1.3.3. FPGA-Based Fault Injection
Instrumentation techniques can also be applied to HDL code leading to instrumented FPGA-based fault injection. The main criticism that this technique receives is that the circuit that is being tested is not the same as the one that is intended to be deployed on the final mission application, since the VHDL or Verilog code has to be modified in order to perform the fault injection. In critical applications, invasive techniques have the risk of masking functional failures due to the changes added to the DUT. However, these techniques do not require specific hardware nor hidden knowledge of the internal mechanisms of the chosen FPGA, and thus can be applied to many commercial development kits. An example of these techniques can be found in [
14].
Some SRAM-based FPGA families include internal circuitry that can be used to read and write internal circuit values, which allows injecting faults in an FPGA design without instrumenting the HDL code. This technique is called non-instrumented FPGA-based fault injection. Traditionally, researchers have developed their own techniques based on limited documentation and reverse engineering in order to inject faults using the internal FPGA circuitry, when the observing and controlling capabilities are implemented in the silicon [
15]. The least invasive way of performing this is to have a dedicated chip to perform fault injection, input/output vector control, and campaign execution, leaving the full target FPGA to host the user design [
16].
Due to the increase in popularity of the fault injection techniques, nowadays some FPGA vendors are providing IP (Intellectual Property) cores to perform the SEU injection [
17,
18]. The use of these SEU injection IP cores is less invasive than instrumenting the complete HDL design, but nevertheless requires some changes to the DUT, at least to instantiate the required IP cores and add some kind of control logic to manage the tests. We could call this technique minimally-instrumented fault injection. An example of the application of this technique can be found in [
19] where some debugging facilities from Altera FPGAs are used to inject faults in the device under test.

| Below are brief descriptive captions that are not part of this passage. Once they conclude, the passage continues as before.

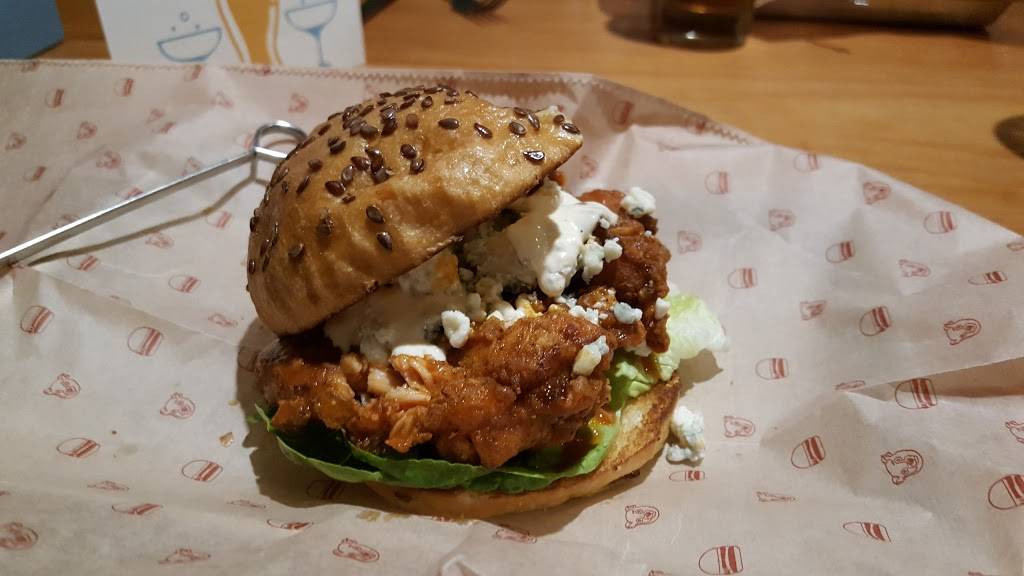 Bareburger | restaurant | 32 Middle Neck Rd, Great Neck, NY 11021, USA | 5164415711 OR +1 516-441-5711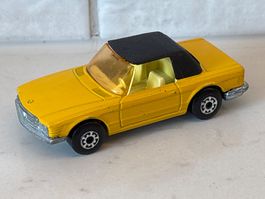 Voiture miniature Matchbox Mercedes 350SL jaune bon état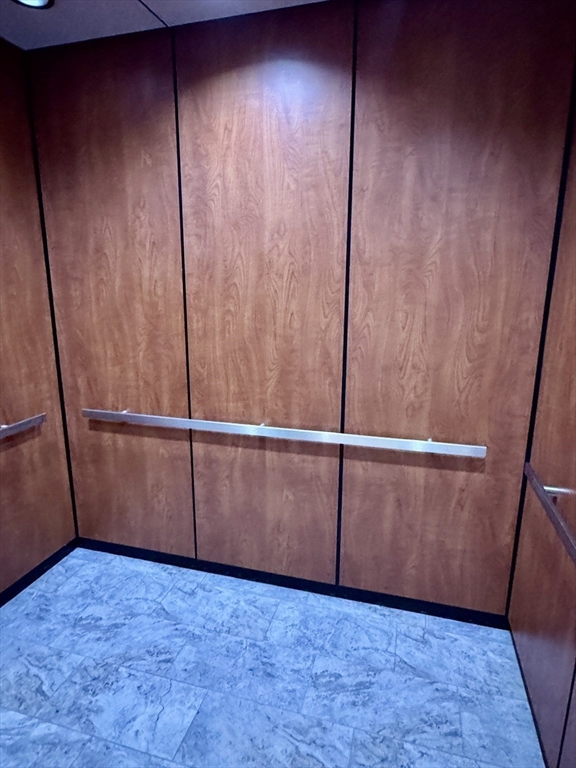 2209 Briarwood Vlg # 2209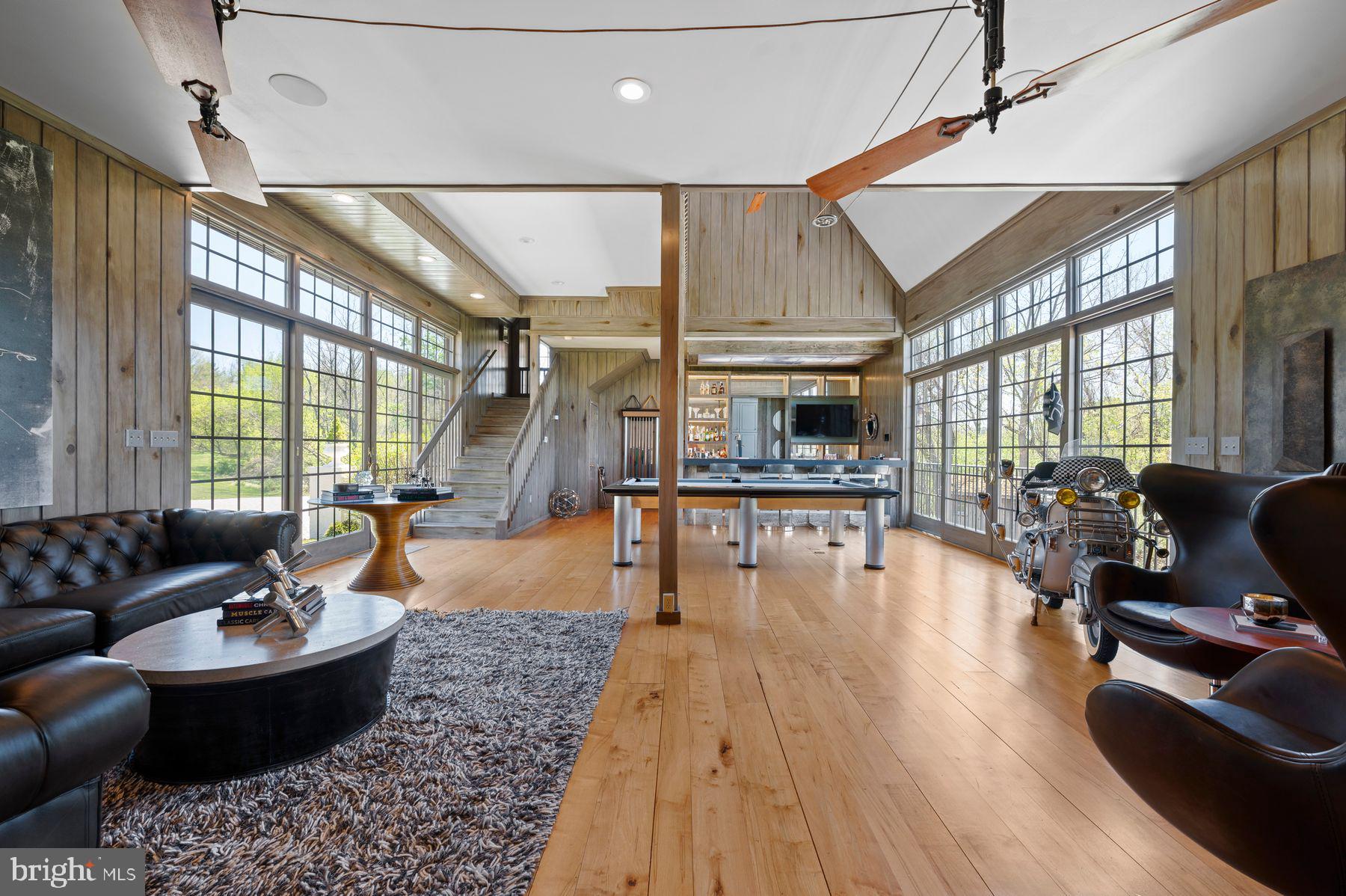 PINE CREEK - Residential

1.3.4. Simulation-Based Fault Injection
Simulation-based injectors have the benefit of being a flexible and inexpensive tool. They use a simulation model of the DUT, which can be described in hardware description language such as VHDL. This technique allows full control of the injection mechanisms as can be seen in [
20].
A good review of the different techniques that can be used to perform simulation-based fault injection in VHDL can be found in [
21]. According to this reference, there are three possible techniques that can be used:
This is the simulation equivalent to the non-instrumented fault injection technique. When simulator commands can be used to inject the faults, there is no need to instrument the VHDL design, which avoids the aforementioned issues related to design instrumentation. Depending on the fault model used, the required simulator command sequence may vary. The main drawback of this technique is that not all simulators support these commands. A second drawback of this technique is that, depending on how the faults are injected, the technique could be fairly demanding to implement. For example, using interactive commands is fairly easy, but implementing a complete solution that uses the Verilog Procedural Interface of a simulator can be very complex because different simulation objects (such as signals, ports, or variables) may be accessed in different ways [
22].
This technique consists of adding VHDL components that modify the characteristics of signals that interconnect VHDL modules of the design under test. This way, values and timing characteristics of these interconnection signals can be altered during the simulation. The main drawback of this technique is that the circuit has to be instrumented, but on the other hand, it can be applied using any VHDL simulator. Since the saboteurs must not interfere with the normal operation of the circuit, a number of control and selection signals must be added to the design and also managed, either through the simulator commands or through extra design inputs.
The mutants technique is similar to the saboteurs technique in the sense that the VHDL design is instrumented, but in the case of the mutants, design components are replaced by mutant components. These mutants operate like the original component in the absence of faults, but one or more parts of its functionality are altered when activated. The VHDL configuration keyword allows one to select, for each component, either its original architecture or one of a set of mutant architectures. In order to change the configuration of a component, the architecture to component binding (meaning which architecture a specific component will have) and the new configuration must be recompiled, but since this is a partial compilation, there is no need for recompiling the complete design. Since this technique does not add new components and instead just changes the architecture of the already existing design components, in the absence of mutations the obtained design is equal to the original design.
While every researcher or engineer might have their own preference, it must be noted that these techniques are in no way exclusive as more than one of them could be applied at the same time, for example including both mutants and saboteurs in the same instrumented design.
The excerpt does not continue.